Segment Open

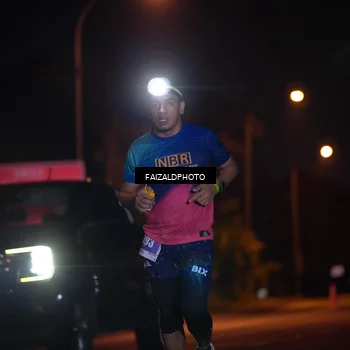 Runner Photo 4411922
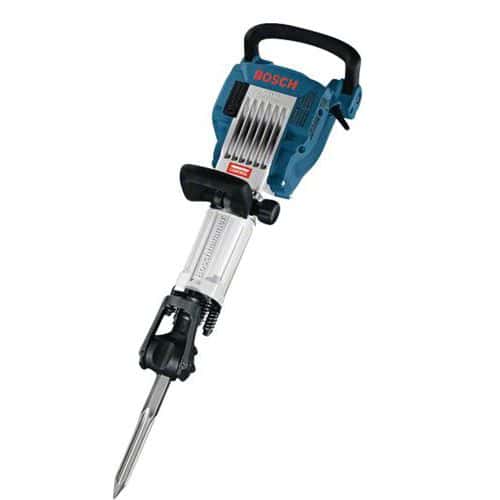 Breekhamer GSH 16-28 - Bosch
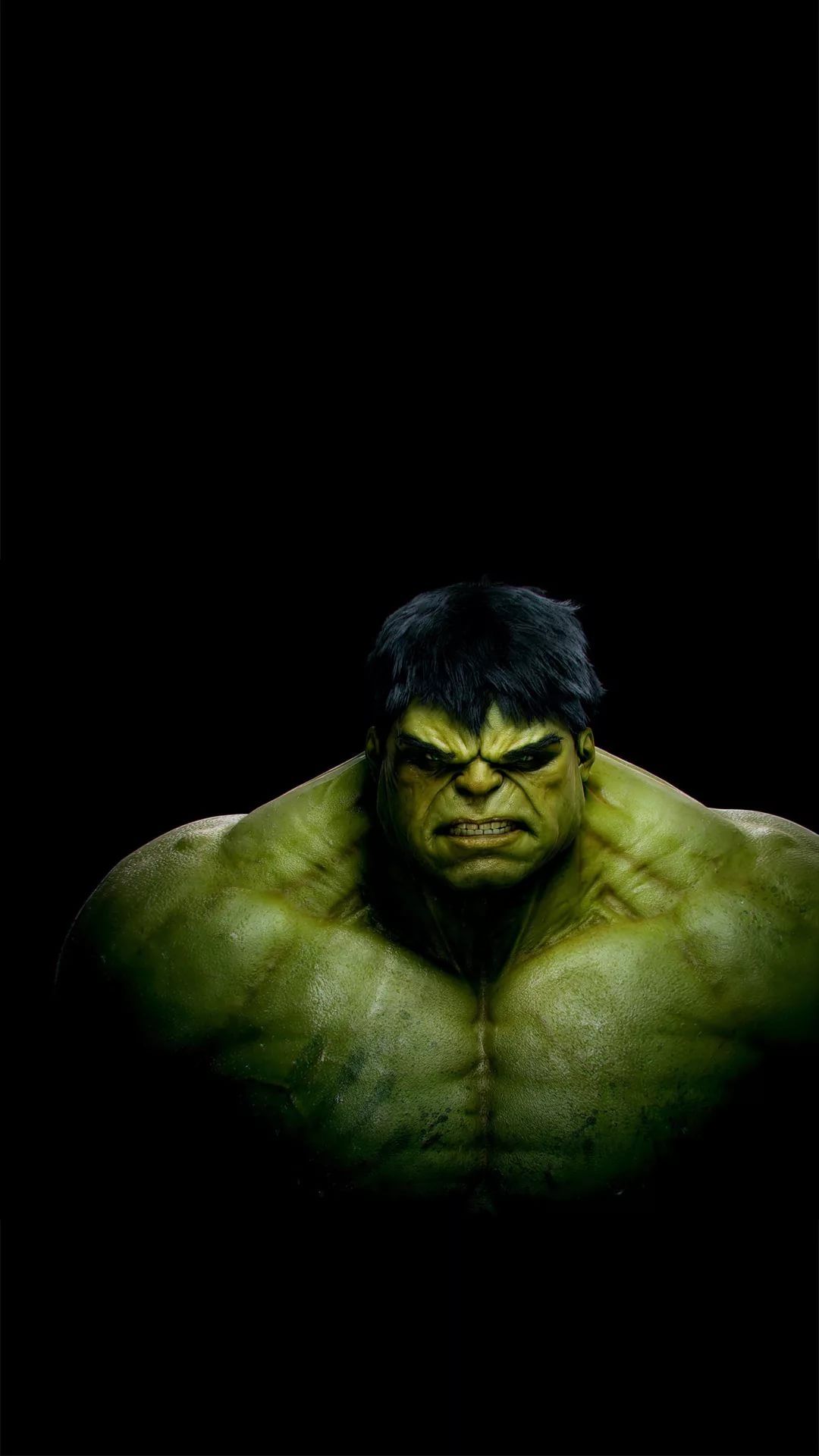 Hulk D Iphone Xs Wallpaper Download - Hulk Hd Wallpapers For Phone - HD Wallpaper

Segment Closed

▶ _Aim of the exercise_
Repeat the material exactly. Any picture in it should be dropped.

▶ _Response area_
 Runner Photo 4411922
 Breekhamer GSH 16-28 - Bosch
 Hulk D Iphone Xs Wallpaper Download - Hulk Hd Wallpapers For Phone - HD Wallpaper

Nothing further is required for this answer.